The Loss of Sexual Innocence
Rated R
Sex can be good, sex can be bad and sex can be innocent. Innocence is inevitably lost to the vulgarity of experience, but we continue to yearn for the feeling of that moment--whether thrilling or traumatic--when dewy eyes yielded to fumbling hands. Trapped in the deep recesses of our imagination, our innocent hearts stay with us, even as we confront the confusion of adult sexuality. Why are we the way we are?

This is the question that director Mike Figgis attempts to address with his newest film, The Loss of Sexual Innocence, a ponderous cinematic poem that comes off as pompous and shallow. Ambitiously adopting a non-linear structure driven by music and images, Figgis appears to have been inspired by the works of Bernardo Bertolucci, Michelangelo Antonioni and Nicholas Roeg. The film certainly feels European--but unfortunately, it's more like Euro-trash.

The protagonist is Figgis' alter-ego character Nic (Julian Sands), a filmmaker who has a beautiful but bitter wife, an adored child and a fixation on sex and death. The film weaves together scenes from Nic's childhood in Kenya, his early adolescence in a cruel boarding school and his later teen years, during which his girlfriend cheats on him. The second half of the film arbitrarily turns to the adult Nic, who is working on a film in the Sahara Desert with a beautiful woman (Saffron Burrows) and her philandering--but nonetheless jealous--Italian boyfriend (Stefano Dionisi). These vignettes of Nic's life alternate with scenes of Adam and Eve before and after their fall from grace, apparently in an effort to drape the arc of Nic's own life in archetypal meaning.
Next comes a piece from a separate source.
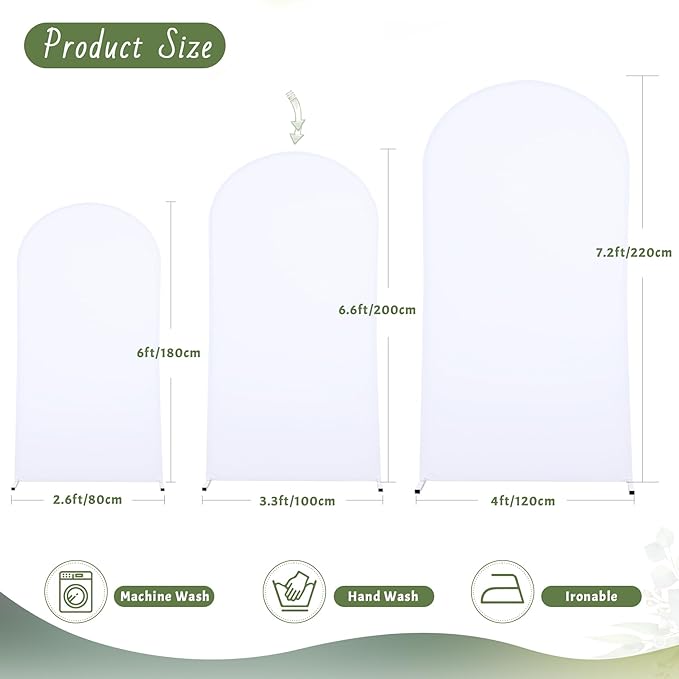 7.2FT White Arch Backdrop Cover - Image 3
Is Figgis really being so painfully obvious? That depends. When viewed as merely a series of dream-like images, the film doesn't need to make sense beyond portraying Nic's stream of consciousness. To the film's credit, the sublime music of romantic composers such as Schumann, Beethoven and Chopin brings an emotional authenticity to Nic's yearning. There is a painful beauty here, a feeling that joy is attainable in spurts of beautiful music, lush imagery and personal memories--but that joy leaves us vulnerable to the frustration and horrors of life.

Nic is a battered soul who desperately wants to feel something, anything. His yearning for innocence past leads to the weakest and most agitating aspect of the picture--the use of the Adam and Eve tale. What is this supposed to teach us about Nic? That shame and jealously are the downfall of a healthy, loving relationship? That lustful sex leads to unhappiness and insecurity? That cloaking our naked selves is the same as cloaking the emotions that will only tug at us throughout our entire lives? Presumably, the answer is yes on all counts. But the only thing Figgis adds to this tale is lovely photography.

Figgis understands that cinema, as a visual medium, doesn't need to be talky. As Nicholas Roeg so beautifully demonstrated in Walkabout, cinematic imagery can be twisted into visions of poetry. Figgis extends this even further by making his film a series of often-silent vignettes that return to a central theme or poetic melody. In essence, Figgis is attempting to make a cinematic version of T.S. Eliot's "The Love Song of J. Alfred Prufrock," in which one man ponders his life during the trivial taking of tea, while images of "mermaids singing each to each" tempt him with loveliness he can no longer experience. But Eliot's famous refrain, "In the room the women come and go, talking of Michelangelo," was a way to return the reader to Prufrock's actual setting, as if to remind us that throughout this aging man's sublime discourse, he is indeed sitting around watching women walk through the room. By contrast, Figgis' use of the Adam and Eve story as his own refrain serves only to remove the viewer from the personal--and more affecting--context of Nic's experience. Nic's story becomes less Prufrockian and more pretentious, even laughable--a sad thing, since the movie is meant to be taken autobiographically, poetically and, most importantly, seriously. Even when the attempt is admirable, good imagery cannot excuse bad poetry.